What to produce –
Below is a block of entries; repeat exactly the lines starting at the line that contains "Women's Thickened Fair" and ending at the line that contains "Hello Honey&reg; Antiqued", both included.
::: The data :::
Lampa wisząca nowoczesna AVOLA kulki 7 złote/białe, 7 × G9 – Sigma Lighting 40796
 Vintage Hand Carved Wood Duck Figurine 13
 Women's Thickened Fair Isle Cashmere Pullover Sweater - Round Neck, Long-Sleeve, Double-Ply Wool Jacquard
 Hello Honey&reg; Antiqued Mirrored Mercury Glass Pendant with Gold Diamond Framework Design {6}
:::
::: The data :::
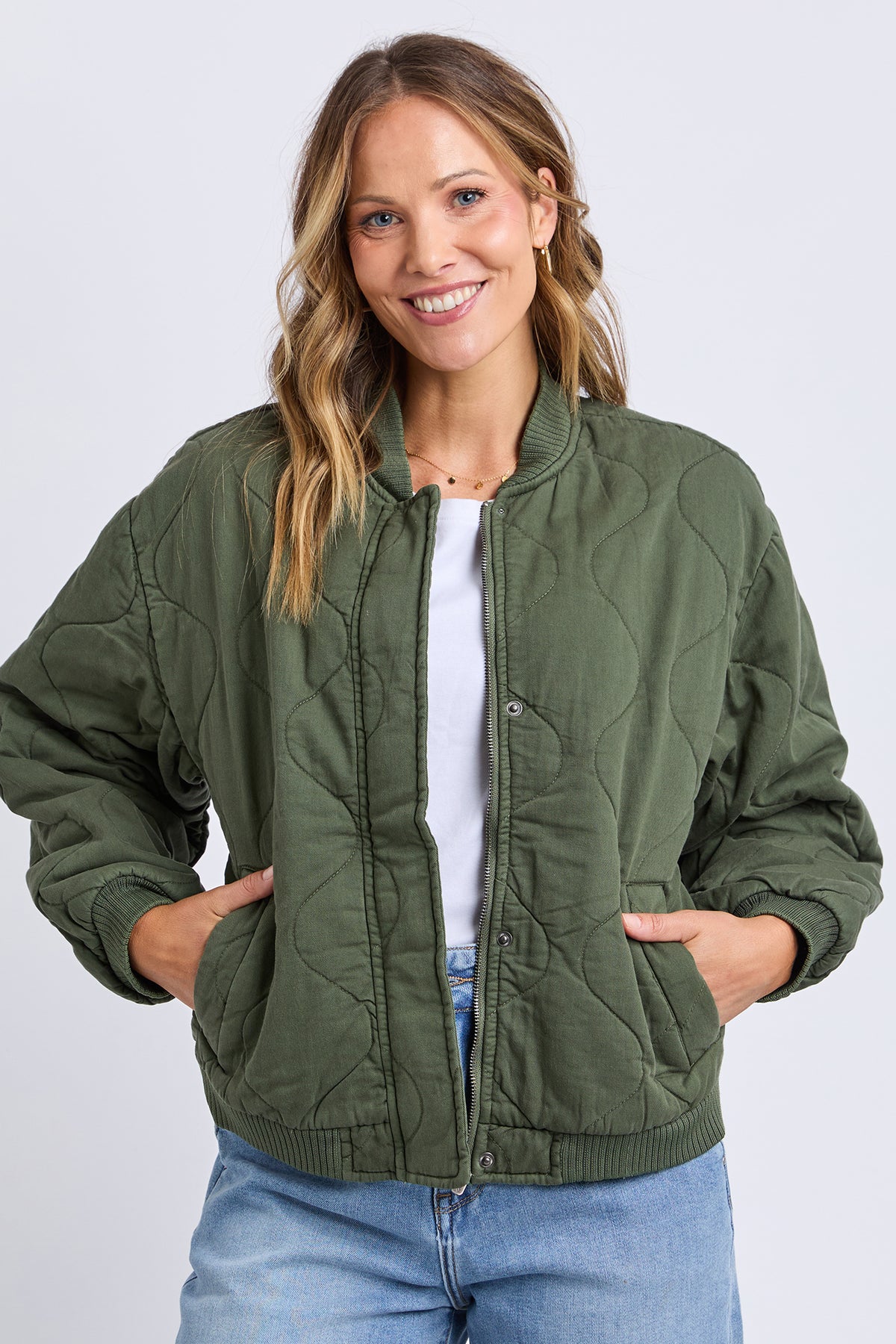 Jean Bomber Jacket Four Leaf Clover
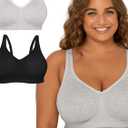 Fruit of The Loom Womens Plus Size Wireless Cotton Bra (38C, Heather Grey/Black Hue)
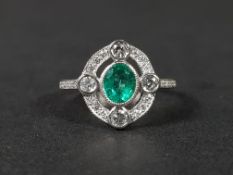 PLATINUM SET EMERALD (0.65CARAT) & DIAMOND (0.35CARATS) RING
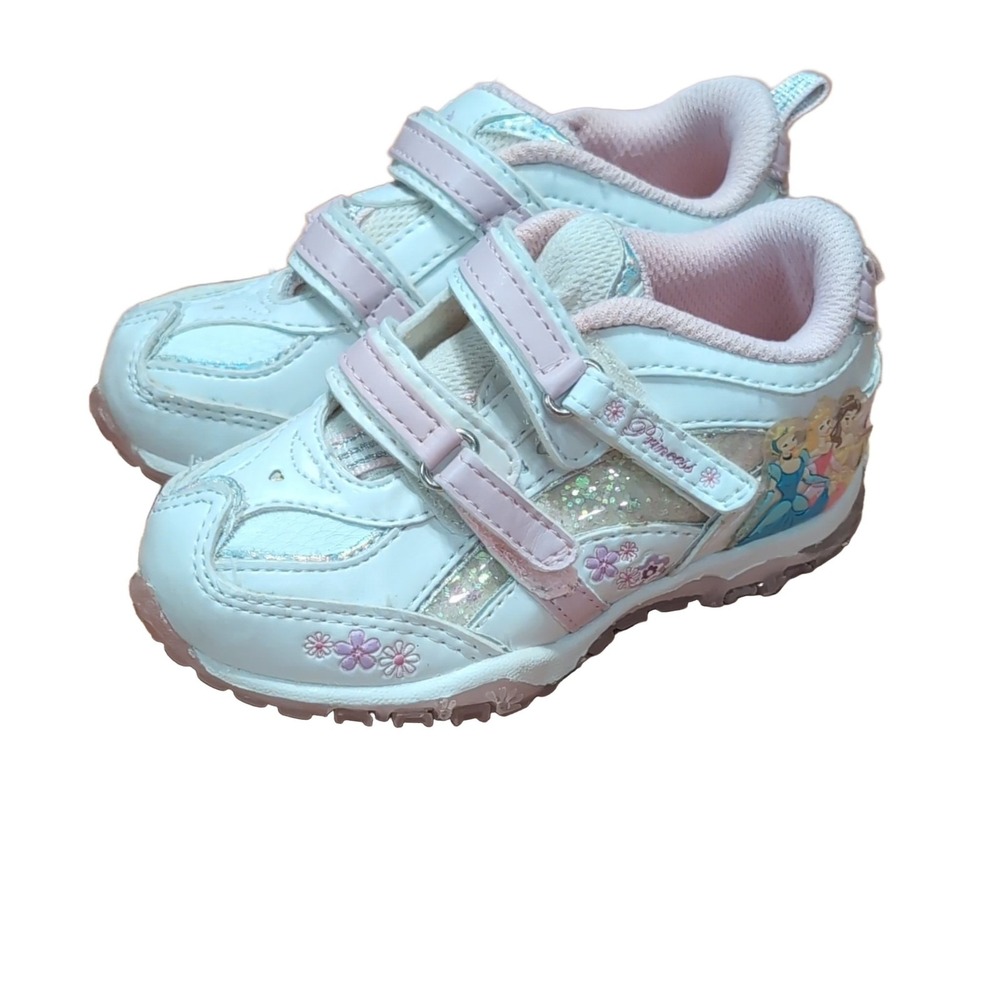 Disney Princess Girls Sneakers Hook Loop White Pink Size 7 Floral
:::
Task output –
 Women's Thickened Fair Isle Cashmere Pullover Sweater - Round Neck, Long-Sleeve, Double-Ply Wool Jacquard
 Hello Honey&reg; Antiqued Mirrored Mercury Glass Pendant with Gold Diamond Framework Design {6}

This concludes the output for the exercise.